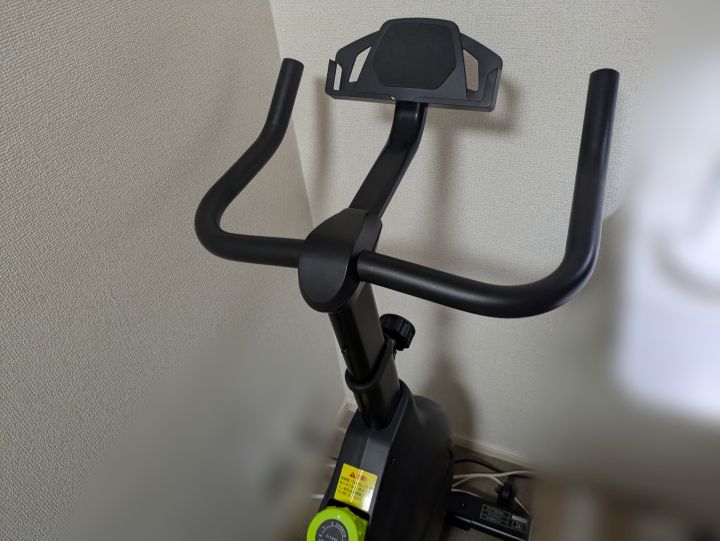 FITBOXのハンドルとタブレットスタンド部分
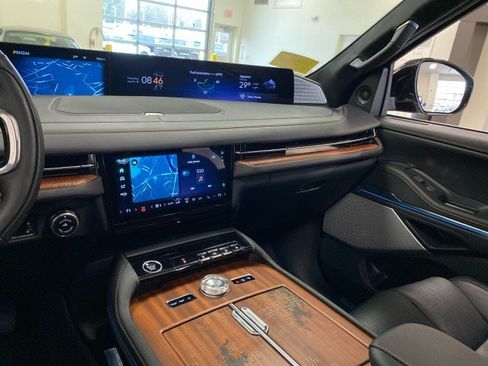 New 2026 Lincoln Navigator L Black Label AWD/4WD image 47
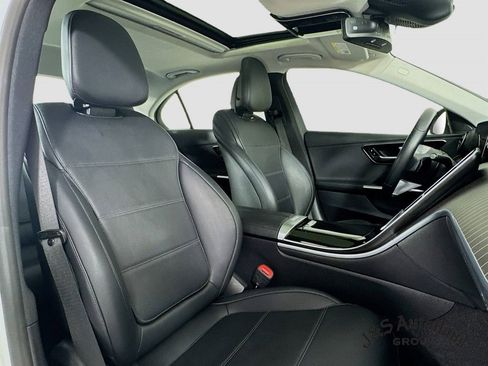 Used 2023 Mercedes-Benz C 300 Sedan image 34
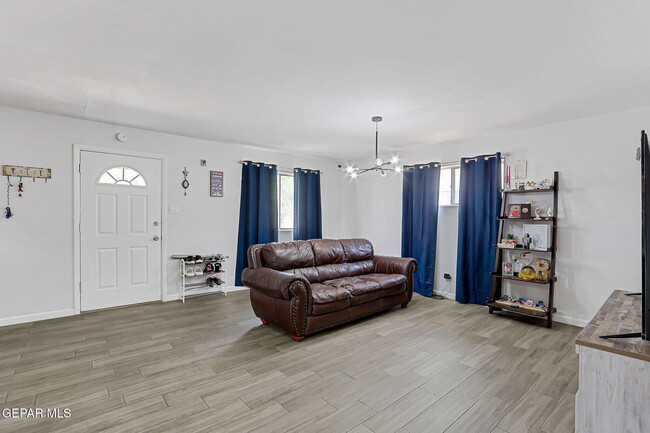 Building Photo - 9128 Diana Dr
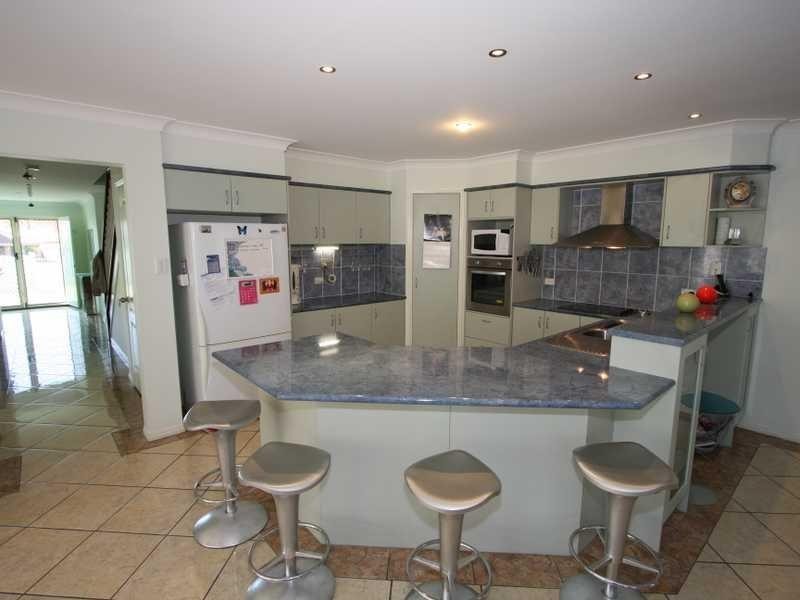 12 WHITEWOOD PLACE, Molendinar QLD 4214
◇ ◇ ◇ ◇ ◇ ◇ ◇
Exercise: Without the pictures, print all of the records exactly.

Task result:
 FITBOXのハンドルとタブレットスタンド部分
 New 2026 Lincoln Navigator L Black Label AWD/4WD image 47
 Used 2023 Mercedes-Benz C 300 Sedan image 34
 Building Photo - 9128 Diana Dr
 12 WHITEWOOD PLACE, Molendinar QLD 4214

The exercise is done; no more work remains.